COLOMBIA: Automotive market boost threatened by government plan

By Juan Vargas | 3 October 2011

The 42% growth in the Colombian new car market year to date and a forecast of over 300,000 units for the full year is making the government creative: due to the dense traffic jams in most principal cities, transportation vice minister Felipe Targa has said he is going to insert in the new National Transportation Code a rule to limit car sales by forcing buyers to obtain registration plates at auction.

Such a system is now common in parts of Asia such as Singapore and some major cities in China.

Critics didn’t wait to protest against the initiative and through blogs and internet forums they agreed the problem was not so much the fleet size but the weak and obsolete infrastructure.

Oliverio Enrique García, president of Andemos, told just-auto the proposal contradicted comments by President Santos, just back from Korea and Japan, saying he wanted to increase trade with those countries which export vehicles to Colombia.
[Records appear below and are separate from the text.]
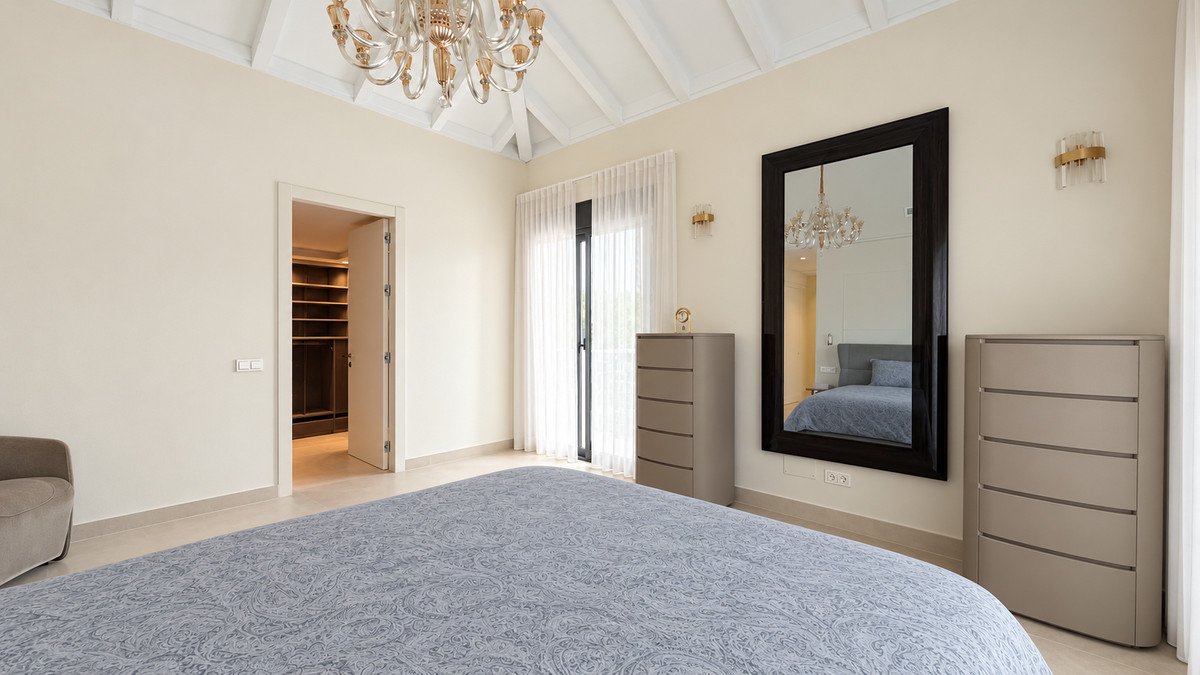6 Bed Detached Villa in Guadalmina Baja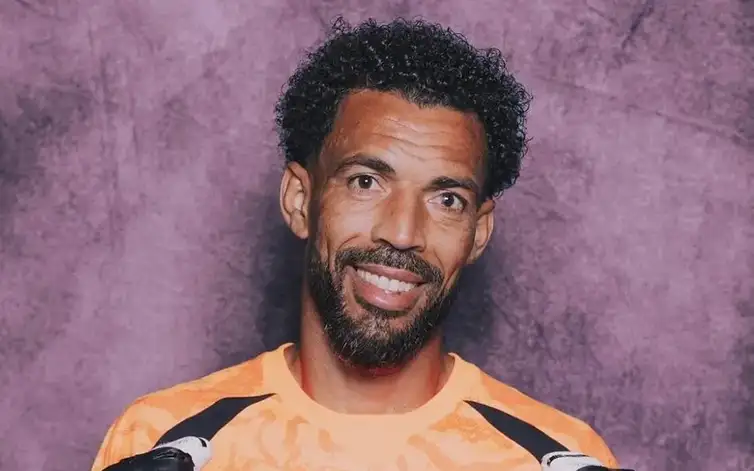 Reprodução Instagram @vozinha Goleiro Vozinha, de Cabo Verde
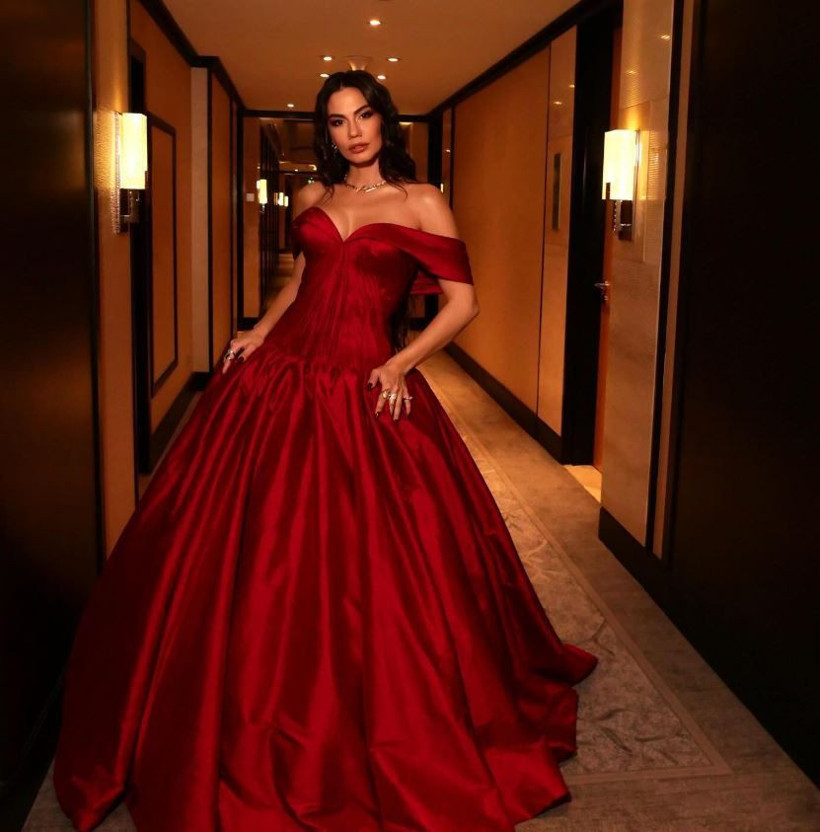 beyaz elbiseli bu kucuk kiz kim taniyabiline ask olsun bu minik kiz esref ruyanin CL2KATjR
The Colombian vehicles to people ratio is among the lowest in South America – just 5m vehicles to transport 45m people. This one vehicle per nine persons ratio is just above that of Bolivia, the poorest country in this region.

On the other hand, Colombia only has 1,400 km of multi-lane roads while Ecuador has triple that. This is the real problem behind Colombian traffic jams – inadequate road space.

To make things worse, Targa’s boss, transportation minister Germán Cardona, has said people won't be able to choose a registration plate ending with an odd or even number. That loophole has been used for some years in the capital Bogota where road use on a given day is determined by odd or even vehicle registration plate last numbers. People simply buy a second car and choose a different plate number from their first car to get around that.

The minister “is forgetting that transportation is a fundamental right of citizens and people would buy a second car not because of fashion or laziness but for the real need for transportation,” an analyst, requesting anonymity, told just-auto.

Meanwhile, the Colombian statistics service said GDP grew 5.2% in the first eight months of 2011, spurred by consumption and investment.

In the January to August period, 213,516 new cars were sold, up 45%.

Chevrolet, with market share of 33.3%, was the top brand followed by Renault, 14.8%; Hyundai, 9.0%; Kia, 8.5%; Nissan, 7.2%; Toyota, 4.2%; Mazda, 4.2%; Ford, 3.2%; Volkswagen, 2.6% and Dodge, 0.9%.

The best growth in the same period was booked by Land Rover, 272.4%; Citroen, 117.5%; Alfa Romeo, 103.4%; Ford, 101.6%; Seat, 95.6%; Nissan, 95.4%; Volvo, 84.8%; Peugeot, 78.7%; Porsche, 73.3%; Skoda, 62.6% and Dodge, 59.40%.